É de uma eloquência invejável, de uma clareza cristalina: de Bento XVI ou de S. João Paulo II eu não teria uma antologia dessas para apresentar! No entanto, a dar ouvidos à voz do povo, o Papa que vai inventar uma supra-religião amorfa que congrace promiscuamente os mais diferentes credos é… o Papa Francisco! Como é possível tamanha discrepância entre o que o Papa passa os dias dizendo e a percepção que tem dele o não-católico (ou mesmo o católico médio)?
O problema, como eu disse acima, é a mídia. Pior do que falar mal é enaltecer seletivamente. Quando o Papa Francisco repete extra ecclesiam nulla salus de duzentas maneiras distintas, ninguém dá um pio. Quando o Papa fala alguma coisa da qual se possa construir uma interpretação contrária ao Catolicismo, então é esta interpretação que se alardeia aos quatro ventos como se fosse a última declaração infalível de um Pontífice falando ex cathedra. A pior forma de conhecer um Pontificado é o perceber através da mídia anti-católica! É a pior ignorância, porque ela se manifesta travestida de informação fidedigna.
De ontem para hoje, contudo, este relacionamento amoroso fingido (impossível não lembrar os versos de Augusto dos Anjos: cuidado, que «a mão que afaga é a mesma que apedreja»…) entre a imprensa anti-católica e o Papa Francisco parece ter sofrido um duro golpe. Foi no avião que o levava às Filipinas. Referindo-se à liberdade de expressão, o Sumo Pontífice disse que o seu amigo poderia esperar (no vídeo se ouve bem o verbo aspettare) uma bofetada caso falasse mal de sua mãe. No original: «se il dott. Gasbarri, grande amico, mi dice una parolaccia contro la mia mamma, gli arriva un pugno!». Foi o suficiente.

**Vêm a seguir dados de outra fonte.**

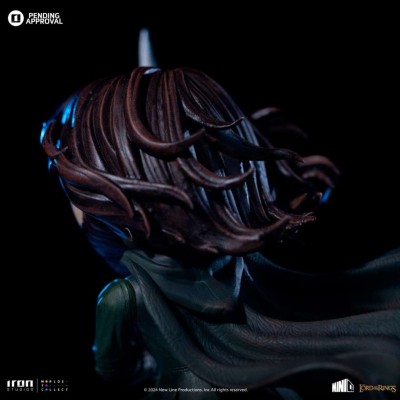 IL SIGNORE DEGLI ANELLI ARAGORN MINICO FIGURE STATUA IRON STUDIOS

Papa fala bobagem!, disseram daqui; Papa tropeça e diz besteira!, berraram acolá. O Reinaldo, aliás, gravou até um vídeo sobre o assunto. A mesmíssima hipertrofia seletiva que nos acostumamos a ver a mídia fazer nos últimos meses; o mesmo cherry-picking tantas vezes empregado para apresentar ideias estranhas ao Catolicismo como se viessem do Pastor Supremo da Igreja. Dessa vez, contudo, em desfavor da figura do Papa Francisco. Que sirva de lição. Oxalá o imbroglio possa provocar, doravante, uma certa sadia desconfiança da mídia laica, cuja competência para transmitir o pensamento religioso alheio é (para dizer o mínimo) bastante questionável.
O assunto nem merece muito latim. Para mostrar que o Papa – é óbvio! – não estava “justificando” o atentado islâmico, bastaria citá-lo no parágrafo imediatamente anterior à “declaração polêmica”: «non si può uccidere in nome di Dio. Questa è una aberrazione. Uccidere in nome di Dio è un’aberrazione». “Não se pode matar em nome de Deus. Isto é uma aberração. Matar em nome de Deus é uma aberração” – do jeito enfático que lhe é peculiar. Sinceramente, pode haver alguma dúvida?
No entanto – e à semelhança do que é feito com as pregações pontifícias ostensivamente católicas que eu listei mais acima -, quem liga? A mídia nunca esteve interessada em transmitir fielmente o pensamento papal. O seu modus operandi é o de pinçar algumas frases soltas e lhes dar o primeiro sentido estapafúrdio que lhe vier à cabeça: há anos é assim. Se agora isso é feito de maneira a “azedar” as relações midiáticas com o Papa Francisco, louvado seja Deus!, tanto melhor. Tem feito muito mal à Igreja a imprensa que enaltece o Papa. Parece que estávamos precisando, de novo, de uma mídia que o denegrisse.